Monday, September 08, 2008

It's over.

All the polls have swung to McCain. USA Today has McCain up 10% among likely voters, and he has has passed the 50% mark. The Obama campaign has lost its momentum and is now playing defense. Unless something weird happens over the next 57 days, I'd say this election is effectively over. I don't think it will be close, nor should it be.

Obama's biggest mistake was selecting Biden as his running mate, which instantly made a mockery of the "Change" mantra. If you want to shake things up, then a living stereotype of the Washington lifer like Slow Joe is the last person you should be running with. And if Biden plans to use the role of "experienced statesman" to run over Palin in their debate, he needs to do a couple of things. First, he needs to read the account below of Palin's debate performance two years ago. Second, he needs to pray for mass amnesia so nobody will remember his defeatist plan to carve up Iraq, an absurdly wrong-headed idea that sounded dandy to Slow Joe, the innovative foreign policy expert. He can hope that mess is safely down the memory hole, but it will be coming out from under the rug soon, like the smell of a dead mouse.

Byron

2 Comments:

Anonymous Anonymous said...

Recall, please, that we reside in a representative democracy that elects its presidents via the Electoral College. Even if Big Mac and Saint Sarah (an appellation given her while running for Alaska governor) win the popular vote, it is a stretch at this point to think they will win the electoral vote.
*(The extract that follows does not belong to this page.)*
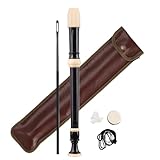 GOEDCH Barock-Stil C-Tasten-Blockflöte aus ABS Harz: Barocke Griffweise 8 Löcher mit Reinigungsstab Lippenbalsam und Leder Aufbewahrungstasche, Blockflöte Sopran für Anfänger (Schwarz)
God knows I'm voting the Palin-McCain ticket, but I wouldn't put personal money on the outcome just yet.

Monday, September 08, 2008 11:47:00 PM  
Blogger Byron said...

Two weeks ago, I would have agreed. But the selection of Palin as running mate has two big effects. First, it secures the GOP base, and that largely eliminates any threat to the electoral votes that Bush won in the last election. (Rasmussen now has McCain leading Ohio 51-44 -- and that's before those Russian warships visit Venezuela for joint naval maneuvers.) Second, it frees McCain himself to work the middle, which forces Obama to devote time and money to holding onto states that would otherwise be considered solidly in his column.
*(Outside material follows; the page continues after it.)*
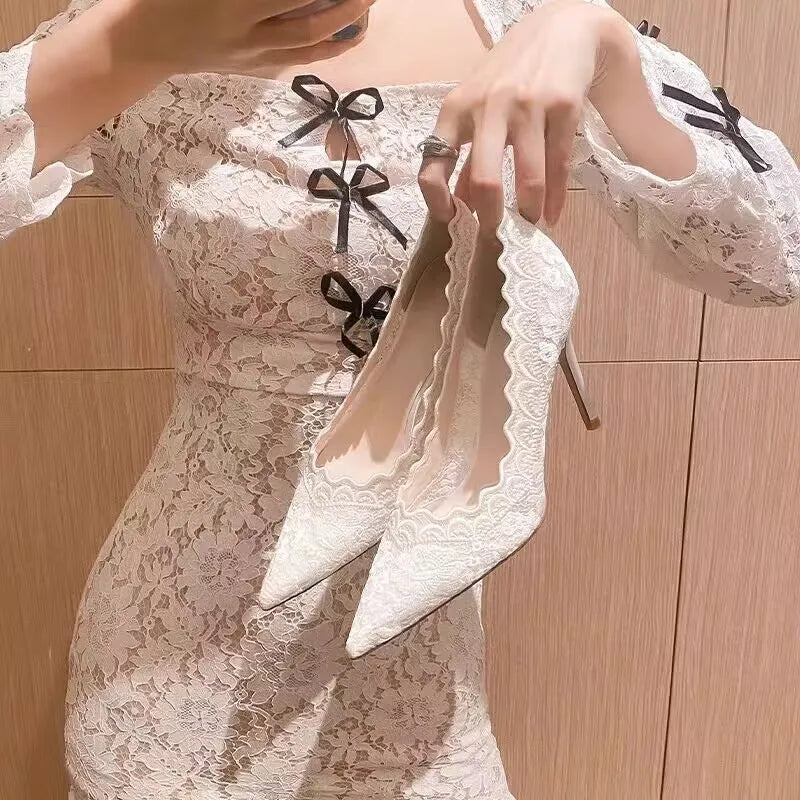 White Wedding Shoes Bridal Shoes Design Sense Niche Lace Pointed Stiletto Heel Shallow French High Heels Female Temperament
The result, I predict, will be an electoral vote spread much wider than the popular vote spread. Any number of unexpected things can happen, of course. But absent some cataclysmic event or series of events, I don't see what Obama do to can regain his momentum. I expect the left-liberals and the young to gradually lose interest from here out. His media allies cannot do any more for him than they've already done; in fact, they've gone so far overboard on his behalf that they've squandered much of their ability to influence public opinion. Obama's act has grown very stale, the magic is gone. He also remains extremely vulnerable on a host of personal issues that are barely on the public radar so far, and which the McCain campaign will use to force him onto the defensive constantly as the election approaches. It will be a miserable October for Obama.

Intrade market odds have strongly favored Obama, but are now falling like a rock. I think we're looking at the possibility of a blow-out.